Certes, mais elles ne peuvent pas être ce qui détermine notre action. L'autre jour, j'entendais un débat sur l'Irak et l'un des protagonistes déplorait le départ des chrétiens de Mossoul. Son interlocuteur, de Mossoul, lui a répondu que, depuis trois ans, 5 % des chrétiens en sont partis mais que si l'on prend le chiffre des dix dernières années, il s'élève à 60 % ! Le statut des minorités dans le tissu politique oriental n'a pas été structurellement affecté par les derniers épisodes, mais il a été instrumentalisé de façon particulièrement visible. Aussi le départ des chrétiens d'Irak est-il un phénomène structurel qui n'a pas du tout attendu l'émergence de Daech. Encore une fois, pour protéger les minorités, il faut s'occuper efficacement de la majorité. Il faut que le système politique redevienne fonctionnel dans l'ensemble de l'espace concerné afin que le segment faible de la société ne paie pas le prix de la tension, du dysfonctionnement du système politique central. Ainsi, quand un couple va mal, c'est la femme qui en paie le prix et parfois c'est le chien qui reçoit des coups de pied.

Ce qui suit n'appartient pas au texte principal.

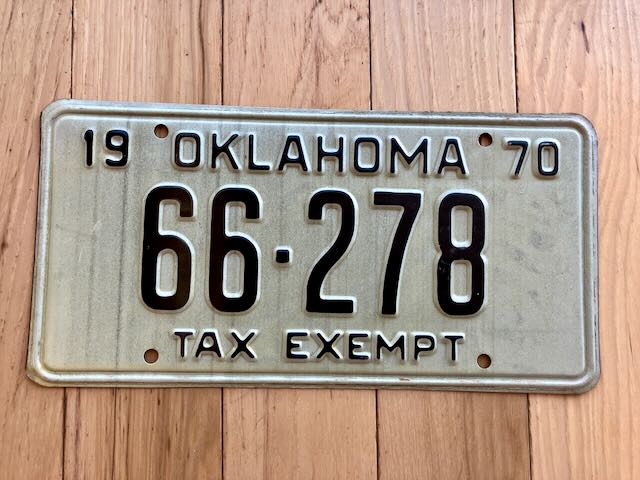 1970 Oklahoma Tax Exempt License Plate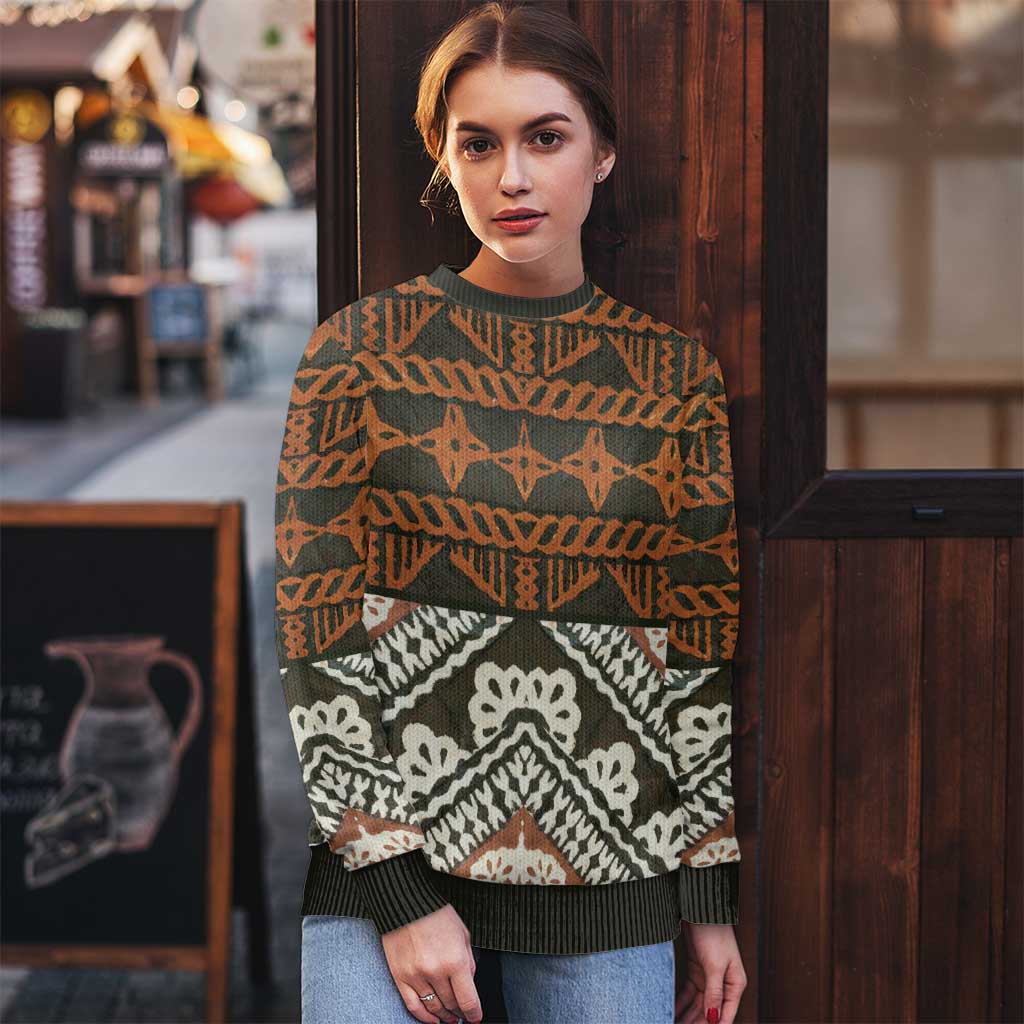 Bula Fiji Tapa Ugly Christmas Sweater Fijian Masi Vintage Vibes LT14 - Polynesian Pride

Pour ce qui concerne la question posée par M. Faure, il faut comprendre que Daech peut occuper un certain espace grâce à ses ressources propres. Il faut arrêter de considérer qu'il s'agit d'une marionnette de l'Arabie Saoudite. Toutefois, dans certains cas, la présence de Daech n'est pas due à la présence de ressources positives mais à une manoeuvre tactique du régime syrien. Si Daech est entré dans Palmyre, où l'armée syrienne n'a absolument pas combattu, j'ai le sentiment que c'est parce que le régime souhaitait que les soldats de Daech fassent ce qu'on savait bien qu'ils allaient faire : nous emmerder, frapper où ça fait mal, à savoir toucher les antiquités. Qui souhaite le maintien de Daech ? Celui qui l'instrumentalise, à savoir – c'est une évidence absolue – le régime syrien. Je me souviens, lors des négociations de Genève I, qu'un membre de la délégation syrienne brandissait sa tablette ou son téléphone portable en disant : « Vous voulez que je vous montre le siège de Daech à Rakka ? Pourquoi ne le bombardez-vous pas ? » Le régime syrien ne s'en est pas pris de façon frontale à Daech. Depuis le début du conflit, il voulait Daech qui lui-même ne voulait pas, en priorité absolue, la fin du régime syrien.

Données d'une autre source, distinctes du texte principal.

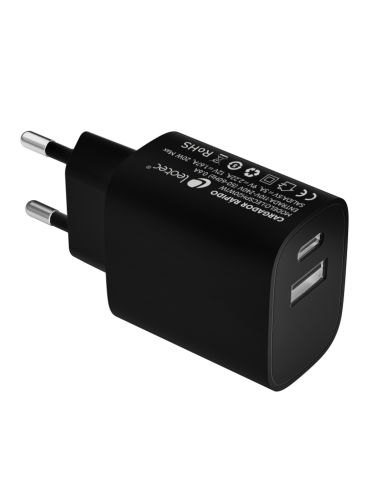 Cargador de pared leotec 20w carga rapida 1 usb tipo - c pd 1 usb - a negro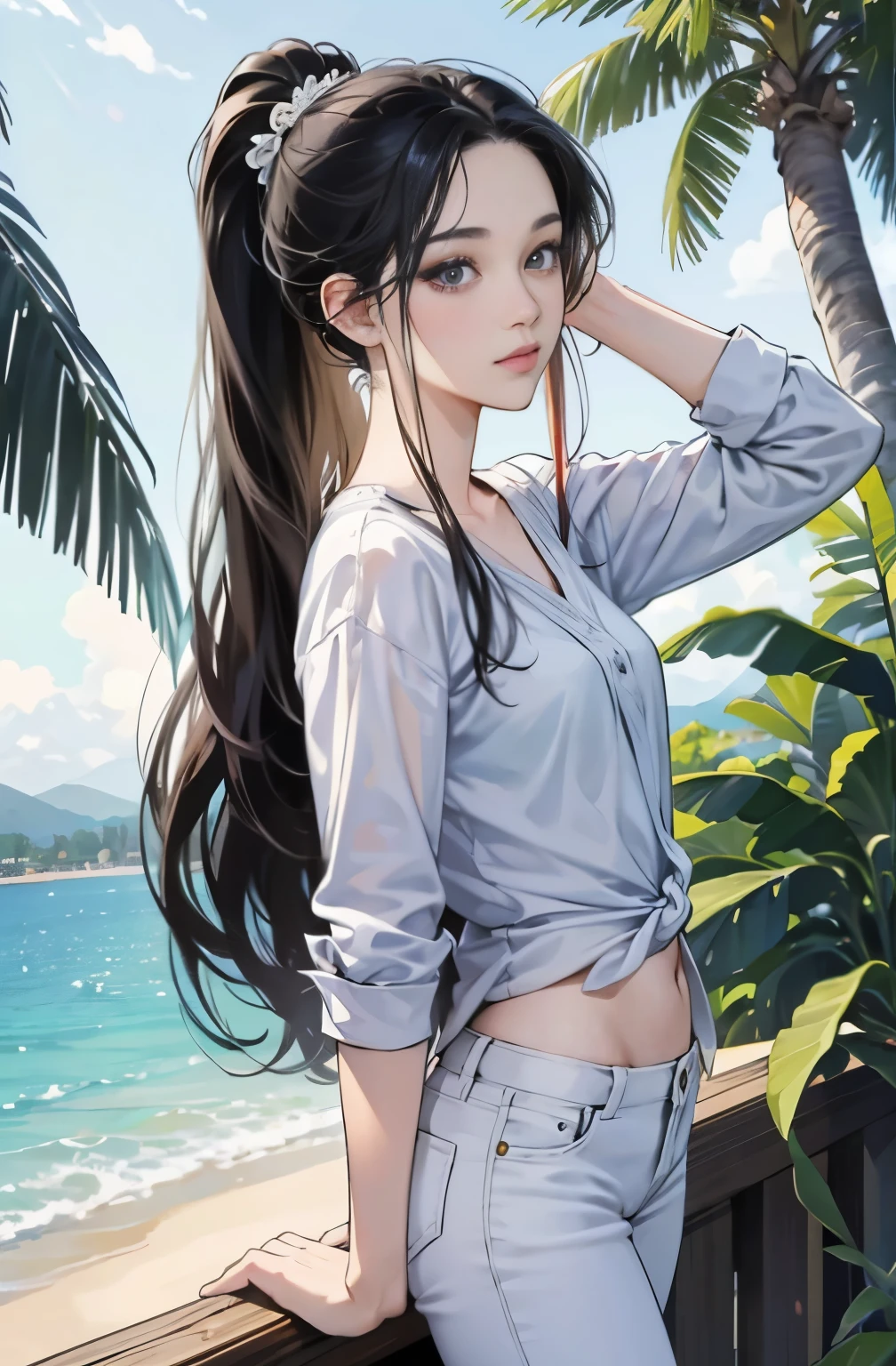 woman with long black hair ponytail, Anime drawing by Yang J, pixiv, serial art, anime style 4 k, anime style. 8K, Gwaites style artwork, Realistic anime 3d style, anime style illustration, high quality anime art style, digital anime illustration, realistic anime art style, anime art style, very colorful, pop feel, in.s. west coast, summer image, coconut tree, seaside, Adult woman around 27 years old, Very sophisticated, It will be, wearing a white blouson, Black jeans Tall and skinny supermodel body type, Lofty dream, mysterious, cool beauty, it will happen, Anime drawing by Yang J, Trending at Art station, realism, extremely detailed The germ of art, Realistic anime 3D style, anime style 4 k, モデルまin | The germ of art, anime style. 8K, casual clothes, realistic anime art style, style The germ of art, sharp outline, highest quality, perfect angle, perfect composition, The perfect subject, best shot, official art，CD jacket, 80s city pop, very stylish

L'internationalisation du conflit s'est bien sûr également réalisée au profit de Daech mais je ne pense pas que le phénomène des djihadistes sans frontières, des sunnites en colère venus de 170 pays, fasse basculer le rapport de force du point de vue militaire, quand bien même ces enfants ont dans la poche une arme qui compte sur le terrain : l'attentat-suicide.

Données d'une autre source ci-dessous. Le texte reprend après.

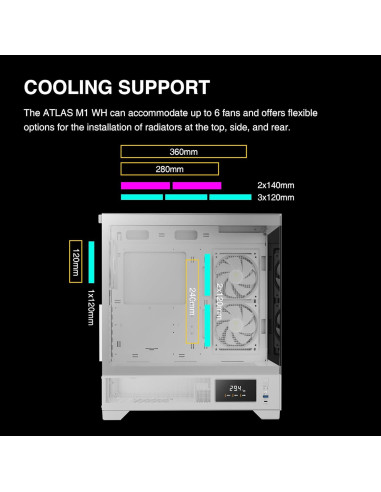 Caja de Computadora GAMDIAS ATLAS M1 Blanca ATX con RGB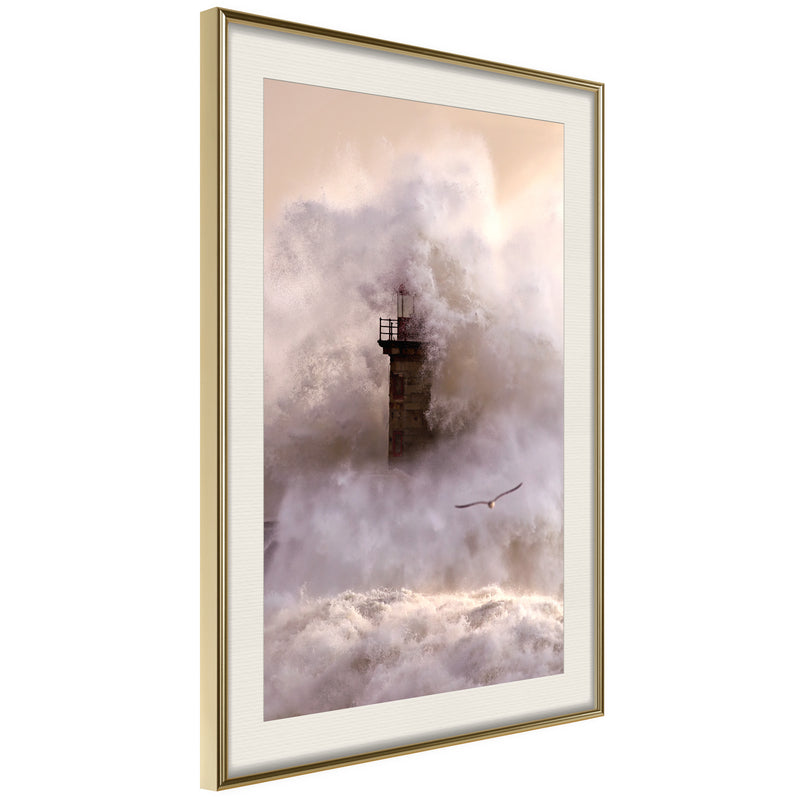 Poster - Lighthouse During a Storm  - goud passepartout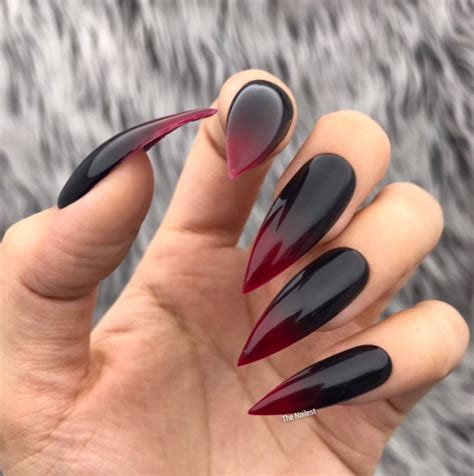 Vamp Black Red Ombre Glossy Halloween Press on Nails Any - Etsy | Red ...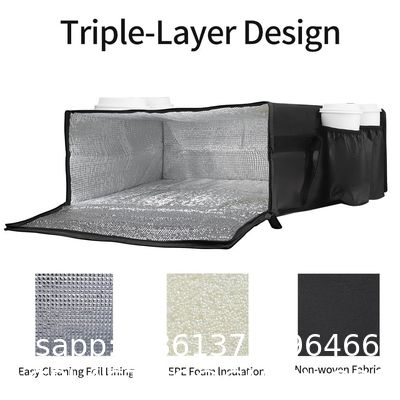 Reusable Hot Food Delivery Grocery Bag Insulated Food Thermal Pizza Shopping Bag Insulated Cooler Tote Bag Insulated Square Cooler with Logo Fresh Pizza Food Delivery Handle Wholesale Wine Cooler Bag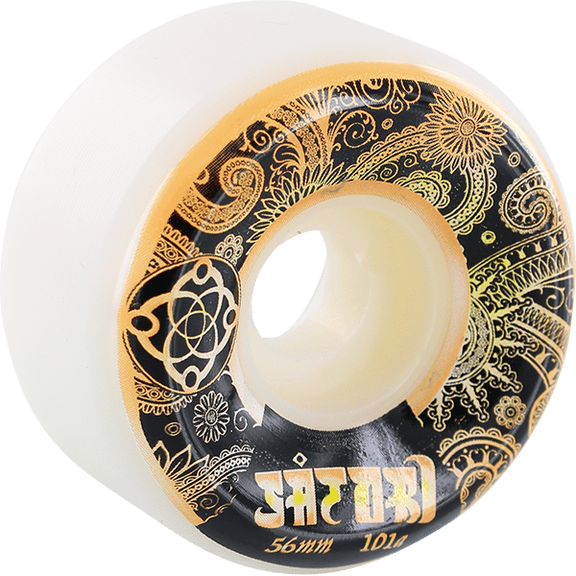 Satori Paisley Link White / Orange-Yellow / Black Skateboard Wheels 56mm 101a (Set of 4)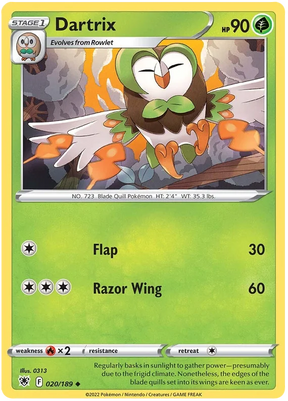 Dartrix Astral Radiance Pokemon Card Singles 020/189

Pour ce qui est de l'influence des acteurs étatiques, il faut toujours établir une dichotomie entre les régimes et les opposants : vous avez énormément de Saoudiens au sein de Daech mais aussi de très nombreux Kurdes. On peut dire que les rangs de Daech sont composés des sunnites mécontents, des citoyens du monde qui, dans 170 pays, se sentent exclus et cherchent à se venger et à s'épanouir ailleurs. Par conséquent, Daech profite des dysfonctionnements des systèmes politiques régionaux et internationaux. Qui a intérêt à l'existence de Daech ? Une grande partie des opposants saoudiens – et l'Arabie Saoudite est un régime malade –, ses opposants pensant que le renouvellement politique de ce pays passe par une victoire de Daech. L'organisation ne compte pas, en revanche, d'Iraniens du fait de la fracture sectaire. Ainsi ai-je commenté ironiquement l'arrivée au pouvoir des Houthis à Sanaa en estimant qu'on pouvait au moins être sûrs que la guerre contre Al-Qaïda allait prendre un tournant tant on reprochait à l'ancien gouvernement de faire seulement mine de lutter contre cette organisation. Reste que la fracture sectaire les empêche, tout comme les Iraniens, de soutenir Daech. En dehors de cette fracture sectaire, ce sont tous les mécontents des systèmes politiques de la région qui soutiennent Daech et cela représente pas mal de monde, voilà le problème.